Key study findings include:
- Users assessing the credibility of an isolated tweet divorced from contextual markers such as the author bio and number of retweets are forced to rely on limited — and unreliable — cues such as subject matter or author prominence.
- Perceptions of the author’s influence, topical expertise and reputation all enhance a tweet’s credibility. Additional measures include the public profiles of tweeters and how often their posts are retweeted. “Features that often are obscured in the user interface, such as the bio of a user, receive little attention despite their ability to impact credibility judgments.”
- Typical users are not unduly concerned with the credibility of tweets on celebrity news and restaurant reviews, but are concerned with the veracity of breaking news and political content. They tend to most trust tweets from individuals they follow and trending topics listed on Twitter, and are very concerned about the credibility of tweets they find through Twitter searches and online search engines.

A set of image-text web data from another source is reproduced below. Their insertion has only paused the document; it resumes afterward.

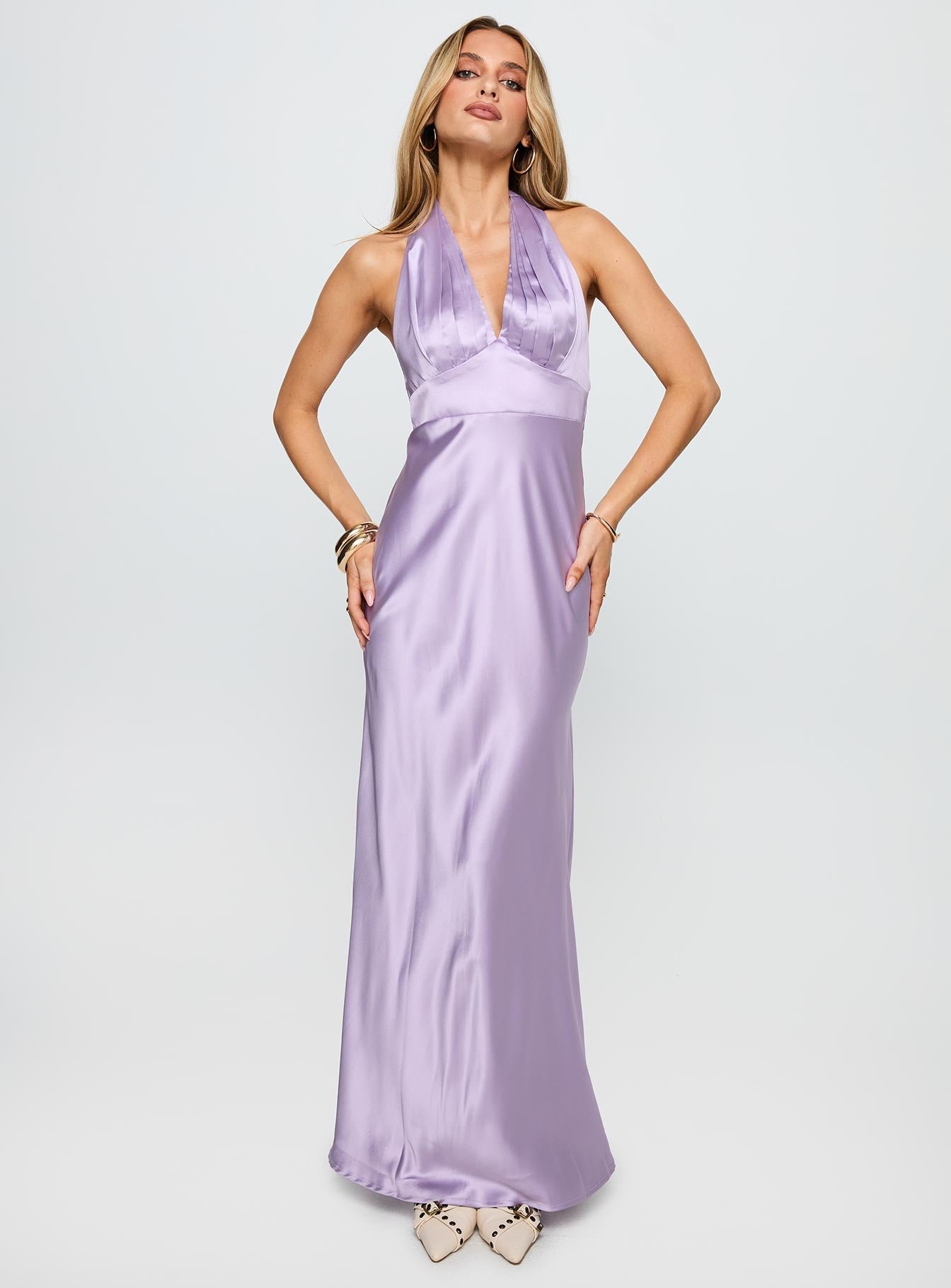 2-modelinfo-saskia-us2_0cdb2f41-bd03-4a64-abbd-b98948d71f61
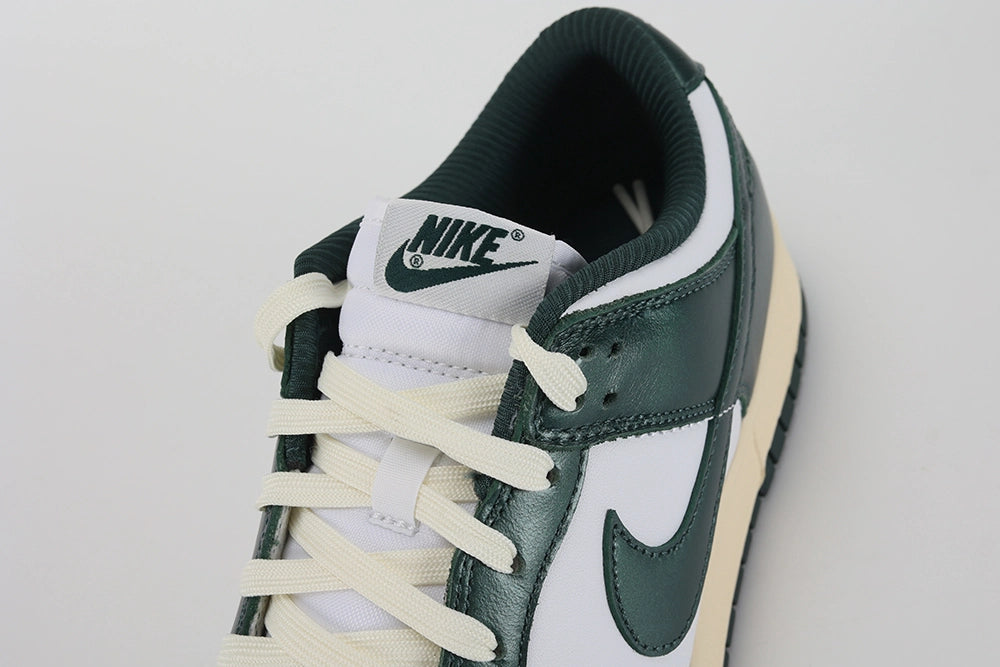Dunk Low Vintage Green - image 5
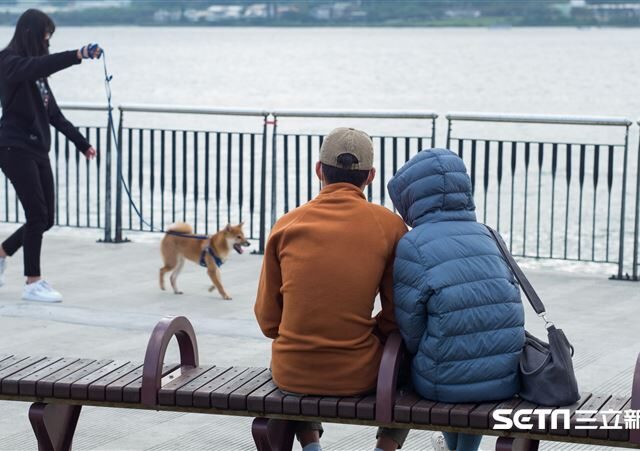 台灣新聞通訊社-把握週末好天氣！下週一再變天　這天迎「入冬最強冷空氣」低溫恐探10度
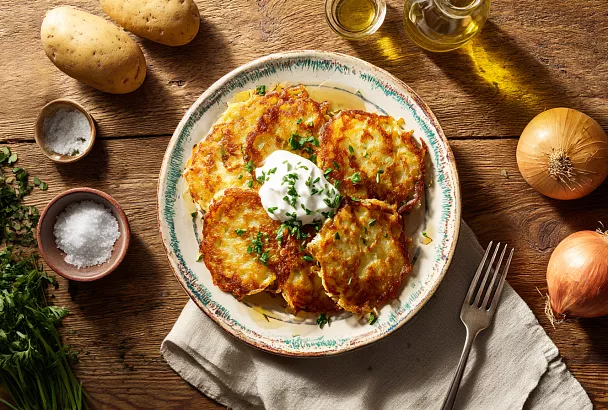 Драники без муки и яиц — получаются с хрустящей корочкой и мягкой серединкой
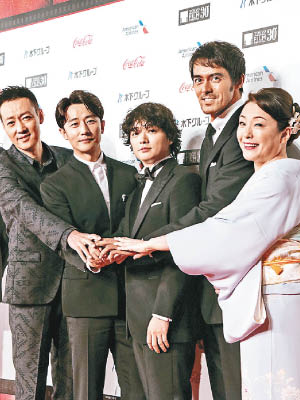 陳凱歌的新作獲邀參與東京電影節開幕儀式，辛柏青（左起）、黃軒、染谷將太、阿部寬及松坂慶子齊現身。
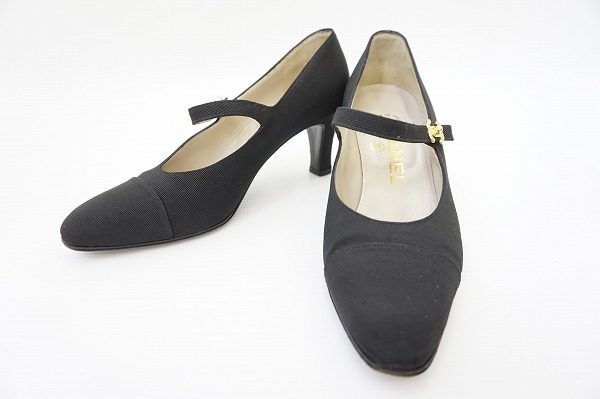 シックなデザイン!シャネルのストラップパンプスを買い取りました
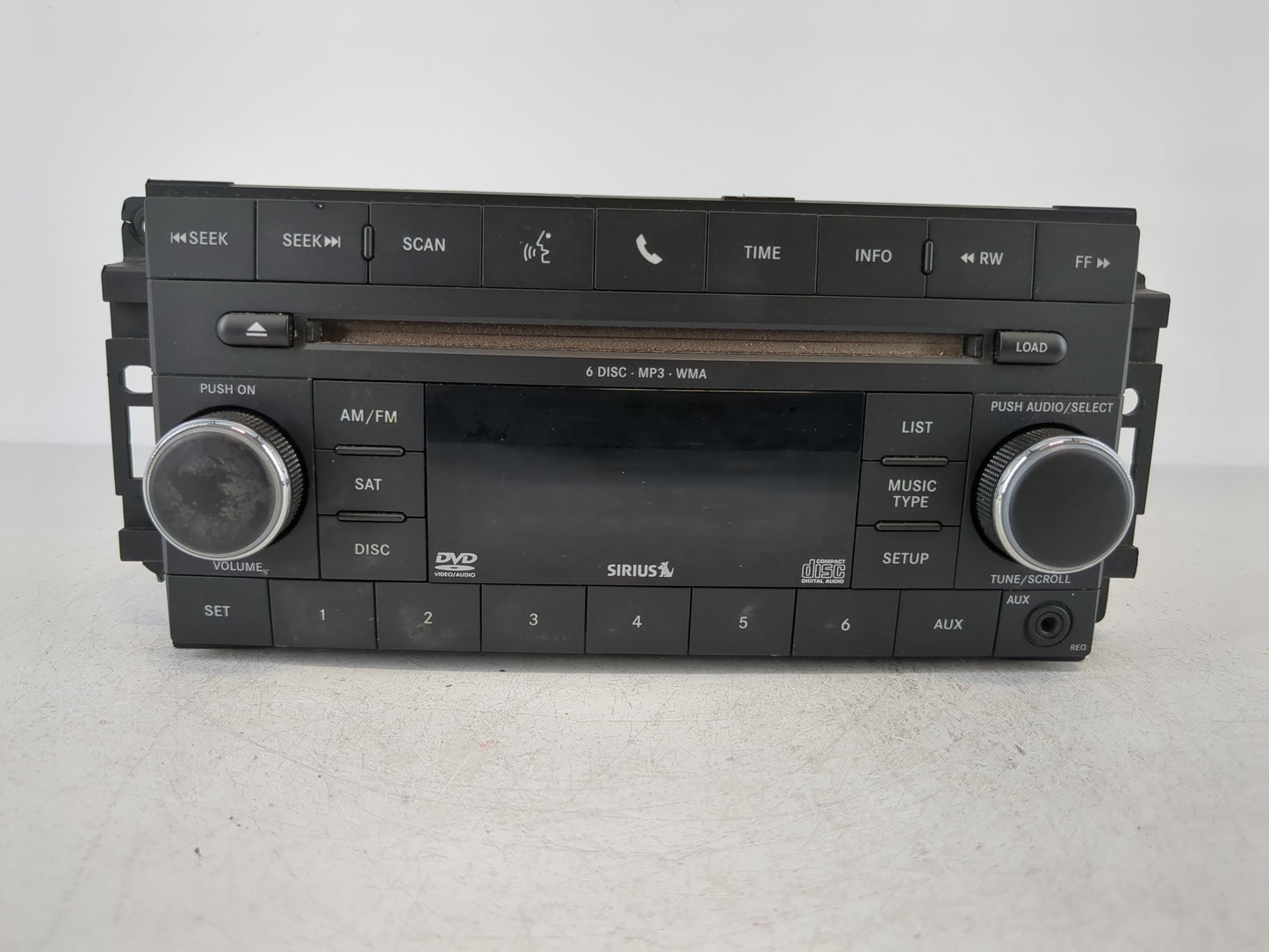 2011-2012 Jeep Compass Radio AM FM Cd Player Receiver Replacement P/N:05064949AE Fits Fits 2011 2012 OEM Used Auto Parts - O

- While the perceived credibility of a tweet was linked to its author, it was not associated with the truthfulness of the tweet itself. This held true regardless of the assessor’s experience with Twitter; in fact, more experienced users typically rated tweets as more credible overall. “Those with more experience with a given technology view it as a more credible information source” than those with less experience.
- Tweets on science topics are rated as more credible than tweets on politics or entertainment topics; tweets with a topical user name relating to the discussed topic (i.e., ScienceNow) are rated as more credible than those with traditional (i.e., John Smith) or Internet (JSmith84) style user names.
- Users represented by the default Twitter icon are perceived as significantly less credible than users with any other type of icon image.
But even under the best circumstances, the authors caution, “Tweet consumers should keep in mind that many of these [trustworthy] metrics can be faked to varying extents.”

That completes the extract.